June 6, 2011 / erstellt am:  June 6, 2011
Weiterbildung, HKB, Typografie, Schrift / Bewertung: 7

Der lange Weg zur eigenen Schrift

Vielleicht bin ich durch meine langjährige Praxiserfahrung sehr ergebnisorientiert geworden. Nicht, dass mich der Entstehungsprozess nicht interessieren würde, aber am Ende hätte ich gerne ein mehr oder weniger fertiges Endprodukt.

So war dies auch im sogenannten Typoclub der HKB bei Christoph Stähli Weisbrod und Mika Mischler. Am Ende des zweiten Semesters hätte ich gerne eine eigene eigenständige Schrift gestaltet gehabt. Ein ehrgeiziges Projekt, wenn man bedenkt, dass gewisse Schriftenentwerfer zum Teil mehrere Jahre an einem Schriftentwurf arbeiten. Es gibt bereits unzählige mehr oder weniger brauchbare Schriften, was mich jedoch nicht davon abhält, mich immer wieder mit dem Thema Typografie vertieft auseinanderzusetzen. Eine eigene Schrift bleibt eine eigene Schrift, die einzigartig ist und die niemand sonst besitzt.

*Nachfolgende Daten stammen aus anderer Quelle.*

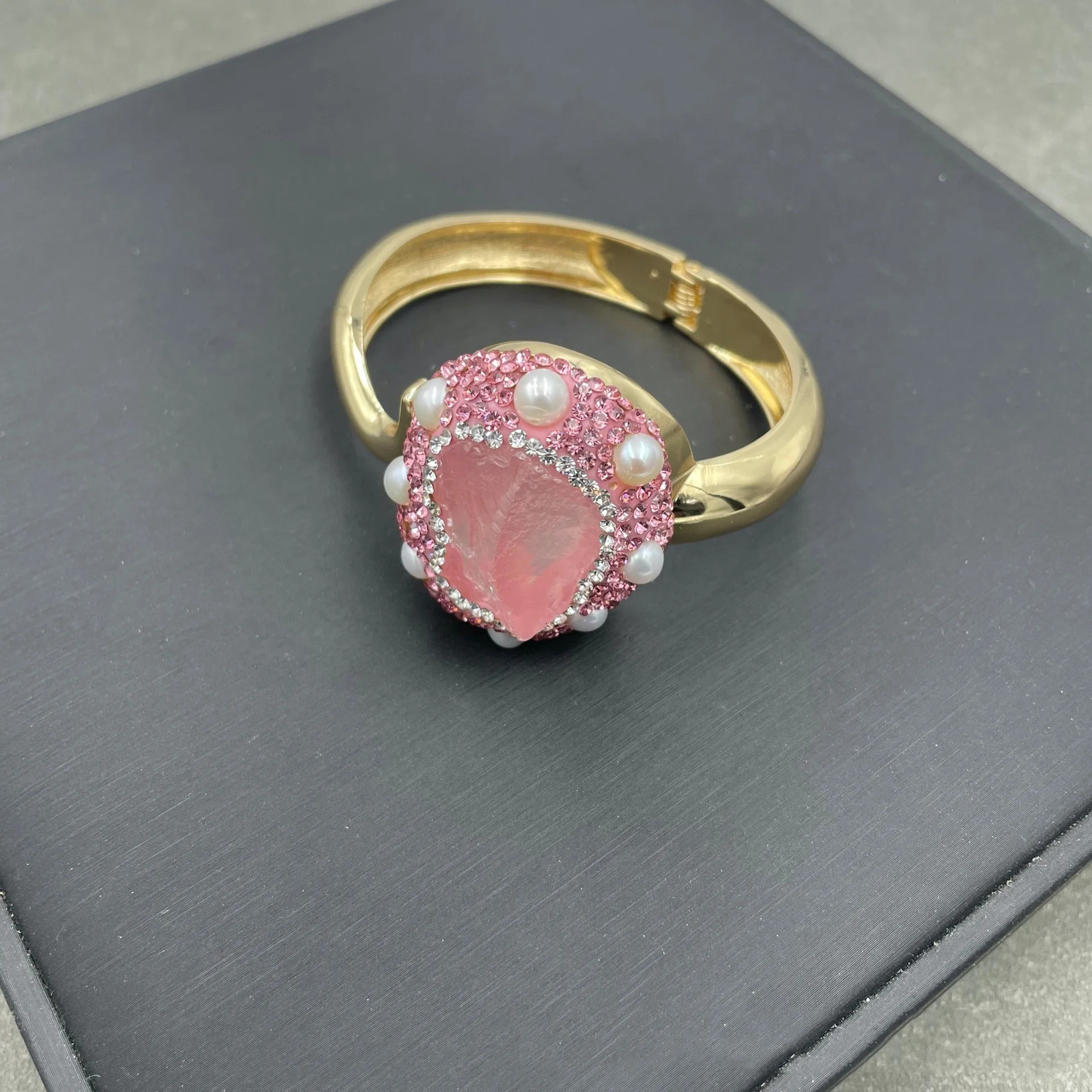 ST030 Natural Rose Quartz Freshwater Pearl Niche Personalized Primitive Stone Inlaid Bead Chain Gold Plated Four Piece Set 241031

Ausgangslage für mein Schriftprojekt war meine eigene Handschrift. Ziel war es aber nicht, eine weitere Handschrift zu digitalisieren, sondern abgeleitet von meiner Handschrift zu neuen Formen und Schriftbildern zu gelangen. Am Ende sollte eine konstruierte Schrift entstehen, die ein einheitliches Schriftbild erzeugt und die eventuell nicht mehr viel mit einer Handschrift zu tun haben muss. Keine wirklich neue Idee, da viele Schriften aus Handschriften entstanden sind. Aber für mich ist es neu, da ich mich noch nie mit meiner Handschrift im typografischen Sinne beschäftigt habe. Tagebuchartig habe ich den Entstehungsprozess dokumentiert. Eine Annäherung meiner Handschrift zu einer Groteskschrift. Eine Schrift also ohne Serifen und mit optisch gleichbleibender Strichstärke. Bald schon stellte sich heraus, dass ich mich aus zeitlichen Gründen in diesem Semester nur um die Kleinbuchstaben kümmern konnte, da ich mich immer nur Freitagnachmittags damit beschäftigte. In mehreren Schritten habe ich mich von meiner eigenen Handschrift immer mehr gelöst. Dennoch war es erstaunlich wie lange der Handschriftcharakter spürbar blieb. Es galt Gesetzmässigkeiten herauszufinden und gleiche Formen zu wiederholen oder bewusst neue einzuführen. Die Buchstaben «e», «k», «r» und «s» stellten sich am schwierigsten zu zeichnen heraus, weil sie Formen aufweisen, die bei keinem anderen Buchstabe auftreten oder in der Anwendung nicht ins Schriftbild passen wollten.  

Noch weiss ich nicht, ob ich mein Schriftprojekt weiterführen werde. Es würde noch einiges an Aufwand benötigen um eine perfekte Groteskschrift gezeichnet zu haben. So wurde aus meinem Ziel eine eigene Schrift zu gestalten eher eine typografische Untersuchung, was ja auch ein Endprodukt sein kann. Eine spannende Erfahrung mit der erneuten Erkenntnis, dass Schriftgestaltung unglaublich aufwändig und schwierig ist.